▸ **TASK TO COMPLETE**
Pictures stay out, but every line of the data is copied exactly.

▸ **SUPPLIED INFORMATION**
——
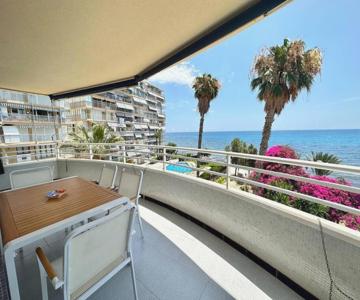 Cala Real 2 Bed 2 Bath Sea View
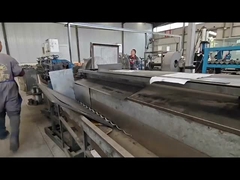 ANJ 0950 GB Стандартная праворучная АДСС с предварительно сформированным тупиком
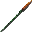 Sweet Spear Carrot Skin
——
▸ **EXERCISE ANSWER**
 Cala Real 2 Bed 2 Bath Sea View
 ANJ 0950 GB Стандартная праворучная АДСС с предварительно сформированным тупиком
 Sweet Spear Carrot Skin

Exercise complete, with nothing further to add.